Oru Cheru Punchiri
M T Vasudevan Nair's dissenting note on problems of old age!
The problems of old age are numerous. As it is the final phase of survival, its inherent nature is not the freshness of dawn but the lost feeling of dusk. The bewilderment of alienation, the fear of approaching death some routine sentiments, all worsen the situation. It becomes pathetic, horrid and frightening at the same time. But in India, at the southern tip of Kerala, a literary giant, director, M T Vasudevan Nair write a dissenting note to this problem, with his film Oru Cheru Punchiri. The director's opinion about his own film is thus:
'Oru Cheru Punchiri is a celebration of life, of old age.'
By narrating the story of Krishna Kurupu at his mid seventies and Ammalukutty in her mid sixties continuing their married life in a honeymoon mood, MT tries to concretise the above statement. This couple wake up to a romantic morning dense with sweet herbal aroma with the melodious music of birds as the background. They spend their time engaged in games of mischief and even some social activities that they could manage. They make it clear that they would never surrender to the threats of their children coated in love, to sell the ancestral property in the village and move to cities with them. The film ends with Ammalukutty's decision to continue with this celebration of life even after the death of Krishna Kurupu.
Frankly speaking, this film gives us some sort of satisfaction, the satisfaction that we get when somebody tickles us unexpectedly from behind. Beyond that, the hype this film received and the criteria for this film to be selected to Indian Panorama are nothing but just celebrity worship. When Gyanpeeth award winner and the missiah of Malayalam literature and cinema, MT make a film what else could we expect, flood it with maximum possible awards and recognition.

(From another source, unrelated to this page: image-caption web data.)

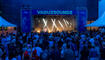 VaduzSoundz mit Sens Unik und Crimer (22.07.2026)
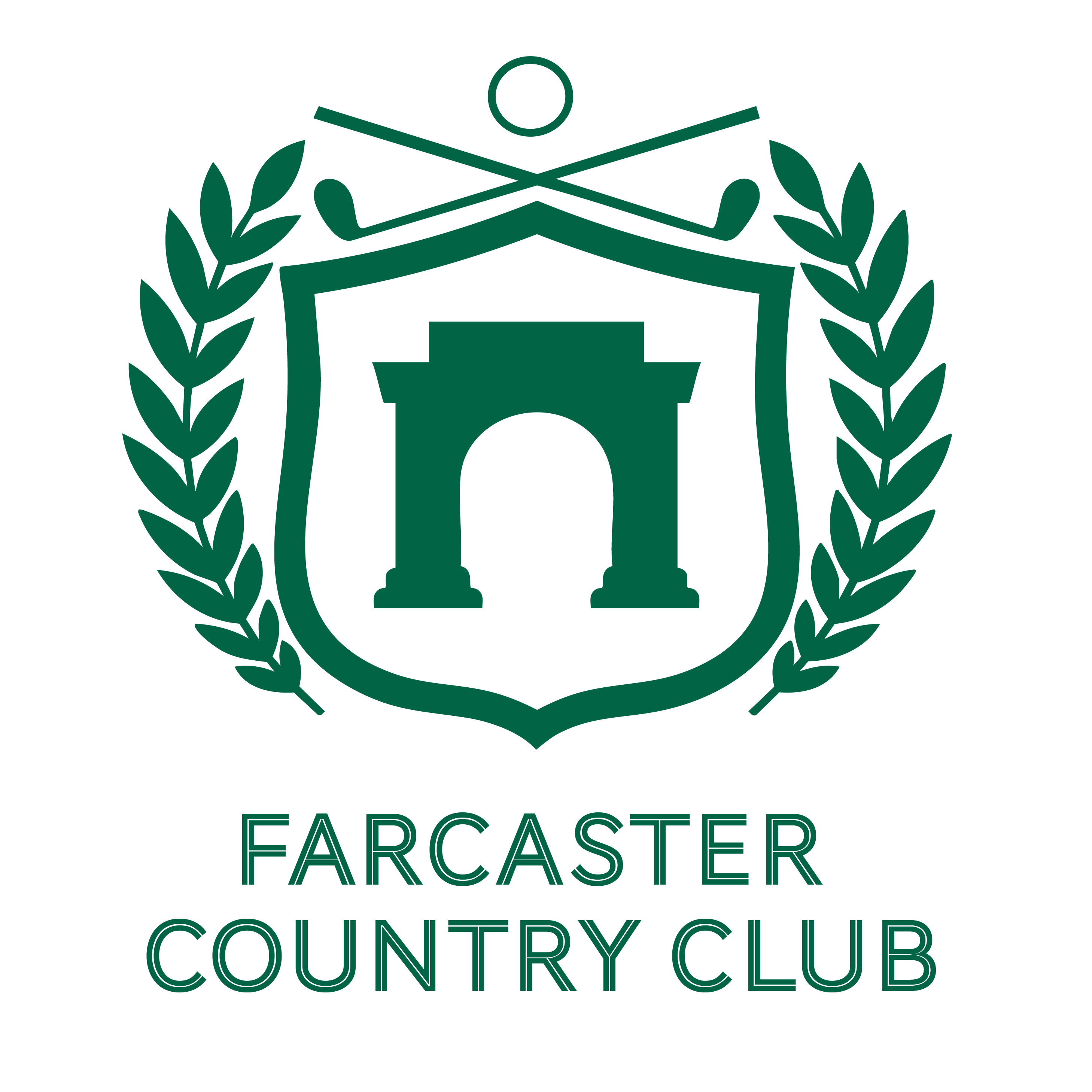 Farcaster Country Club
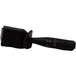 BACK2CAR Citroen Commande Essuie Glace Saxo Ref Oe. 6239g6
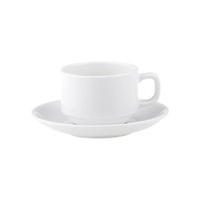 200ml Stacking Cup (High) Royal Thai - (0273)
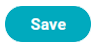 Save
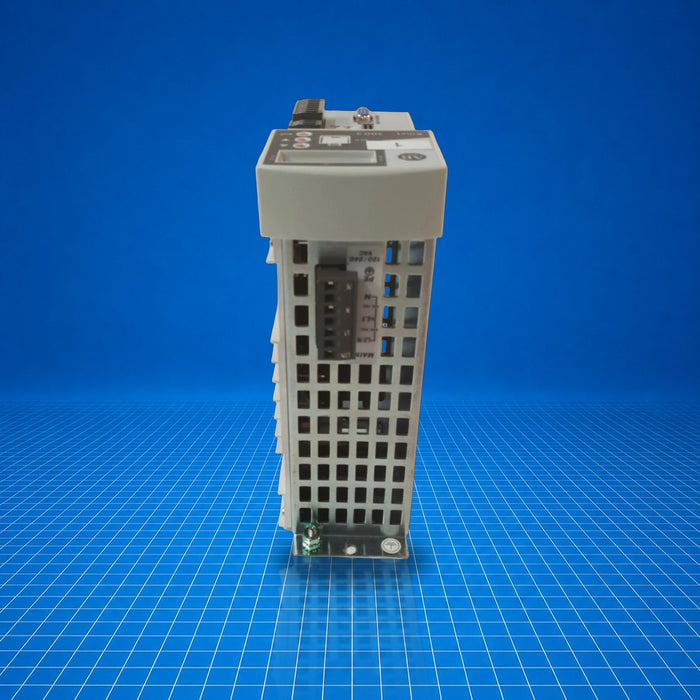 2097-V31PR0 Allen Bradley industrial automation part - unit detail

This criticism of the film is based on its ideological level. While the alienation of the old aged people become one of the greatest social problem in nuclearised Malayalee society, MT tries to over-simplify this problem by narrating a story which is far from reality. There may be exceptions to all common laws, but it is highly irresponsible and ridiculous to project this and generalise it, so that we forget the ground reality.